Item 4.01.  Change In Registrant's Certifying Accountant

         (a)
         On March 26, 2008 Riviera Holdings Corporation (the "Company") received
         a letter dated March 25, 2008 from Deloitte & Touche LLP ("D&T")
         notifying the Company that D&T was resigning as the Company's
         independent registered public accounting firm effective as of the date
         of such letter.

         D&T's reports on the Company's financial statements for the fiscal
         years ended December 31, 2006 and 2007 contained no adverse opinion or
         disclaimer of opinion, nor were such reports qualified or modified as
         to uncertainty, audit scope or accounting principle.

         During the Company's fiscal years ended December 31, 2006 and 2007 and
         through March 26, 2008, there were no disagreements between the Company
         and D&T on any matter of accounting principles or practices, financial
         statement disclosure, or auditing scope or procedure, which
         disagreements, if not resolved to the satisfaction of D&T, would have
         caused D&T to make reference thereto in its report on the financial
         statements for such years.

         During the Company's fiscal years ended December 31, 2006 and 2007 and
         through March 26, 2008, there were no "reportable events" as that term
         is described in Item 304(a)(1)(v) of Regulation S-K.

         The Company has provided a copy of the disclosures above to D&T and
         requested D&T to furnish it with a letter addressed to the Securities
         and Exchange Commission stating whether or not D&T agrees with the
         foregoing statements and, if not, the respects in which it disagrees. A
         copy of the letter from D&T to the Securities and Exchange Commission
         is filed as Exhibit 16.1 to this Current Report on Form 8-K.

         (b)

         On March 27, 2008, the Company engaged Ernst & Young LLP ("E&Y") as the
         Company's new independent registered public accounting firm. The
         engagement of E&Y was approved by the Audit Committee of the Company's
         Board of Directors.

         During the years ended December 31, 2006 and 2007 and through March 27,
         2008, the Company did not consult with E&Y with respect to either (i)
         the application of accounting principles to a specified transaction,
         either completed or proposed; (ii) the type of audit opinion that might
         be rendered on the Company's financial statements; or (iii) any matter
         that was either the subject of disagreement (as defined in Item
         304(a)(1)(iv) of Regulation S-K) or a reportable event (as defined in
         Item 304(a)(1)(v) of Regulation S-K).
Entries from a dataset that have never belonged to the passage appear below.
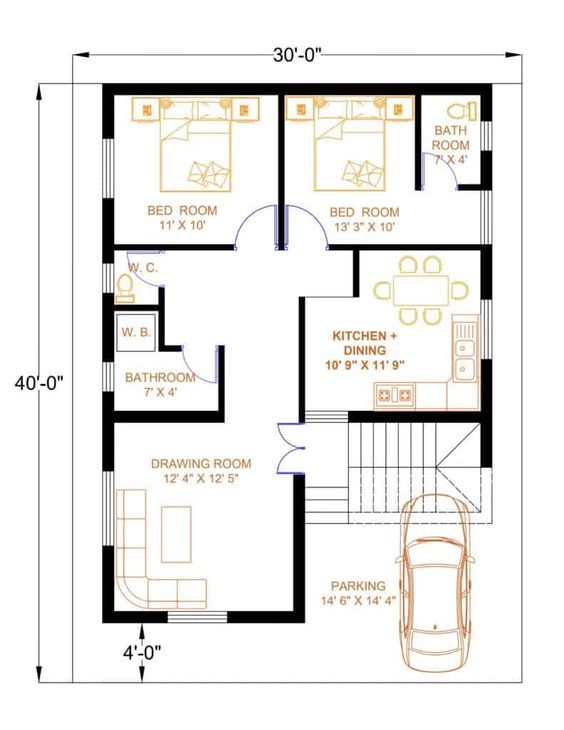 30 40 house plan with car parking 1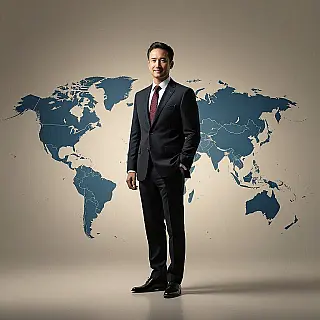 Internationale zakelijke directeur, fotorealistisch, professioneel sfeer, subtiel verloop achtergrond, zachte verlichting verlichting, wereldwijd zakelijk concept, professionele LinkedIn header, internationale zakelijke esthetiek, schone compositie, wereldkaart elementen, subtiele culturele verwijzingen, professioneel netwerken over grenzen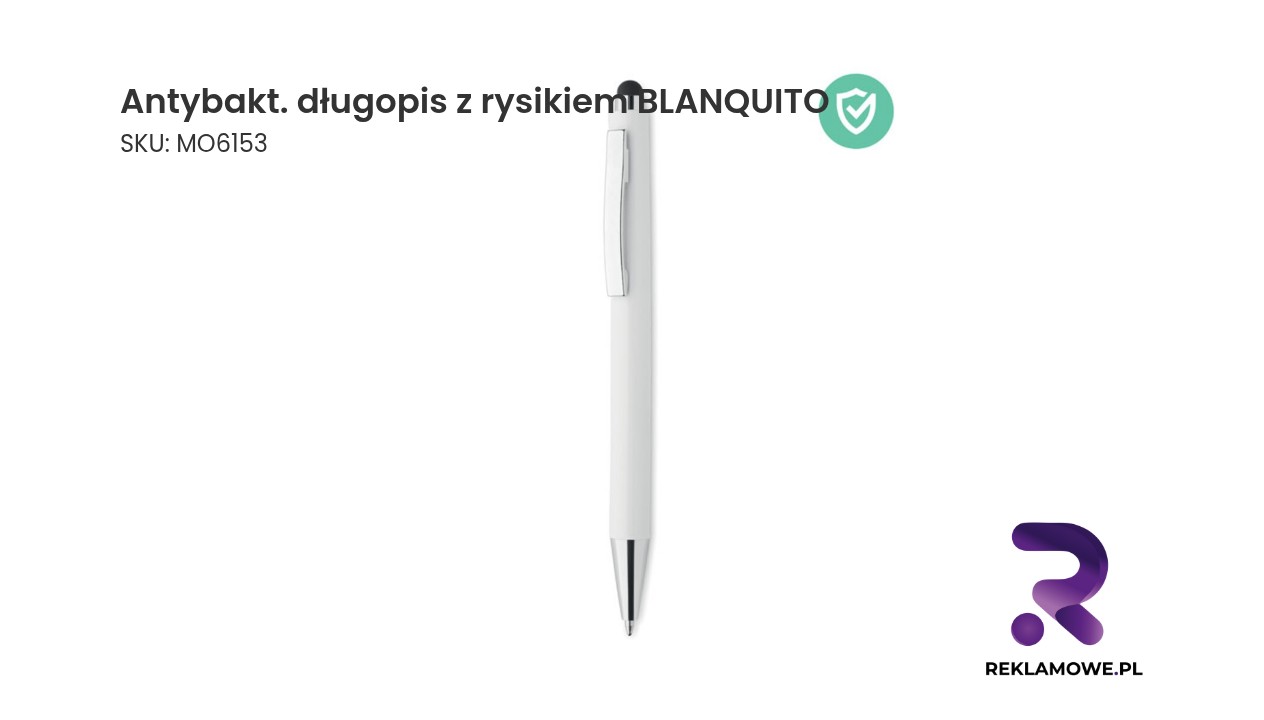 Antybakteryjny długopis z rysikiem BLANQUITO - praktyczny gadżet do pisania i obsługi ekranów dotykowych
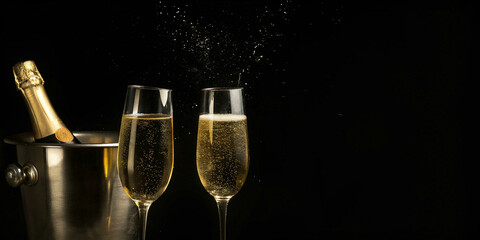 Champagne flutes toasting with sparkling spray against black background and gold bucket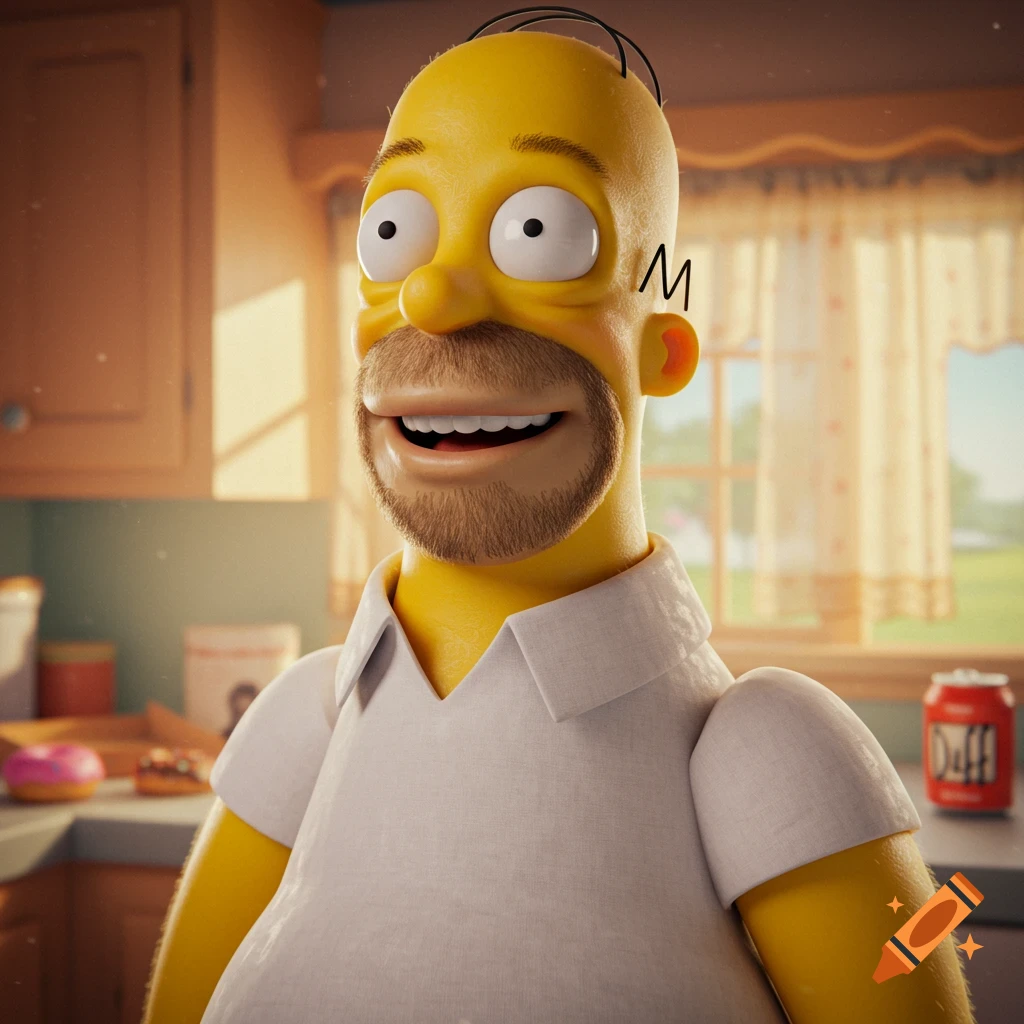 A photorealistic render of Homer Simpson with a beard, wearing a white polo shirt, smiling in a kitchen setting.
Item 9.01         Financial Statements and Exhibits.

(d)      Exhibits

Exhibit Number  Description

16.1  Letter from Deloitte & Touche LLP to the Securities and Exchange
      Commission, dated March 28, 2008.






                                                              SIGNATURES

         Pursuant to the requirements of the Securities Exchange Act of 1934,
the registrant has duly caused this report to be signed on its behalf by the
undersigned hereunto duly authorized.



                             RIVIERA HOLDINGS CORPORATION
                                        (Registrant)

Date:    March  31, 2008
                             By:      /s/Tullio J. Marchionne
                                     -----------------------------
                             Name:    Tullio J. Marchionne
                             Title:   Secretary and General Counsel





                                                                  EXHIBIT 16.1

March 28, 2008

Securities and Exchange Commission
100 F Street, N.E.
Washington, D.C.   20549-7561

Dear Sirs/Madams:

We have read Item 4 of Riviera Holdings Corporation's Form 8-K dated March 28,
2008, and have the following comments:

1. We agree with the statements made in the paragraphs 1, 2, 3, 4 and 5 under
   item (a).

2. We have no basis on which to agree or disagree with the statements made in
   the paragraphs 1 and 2 under item (b).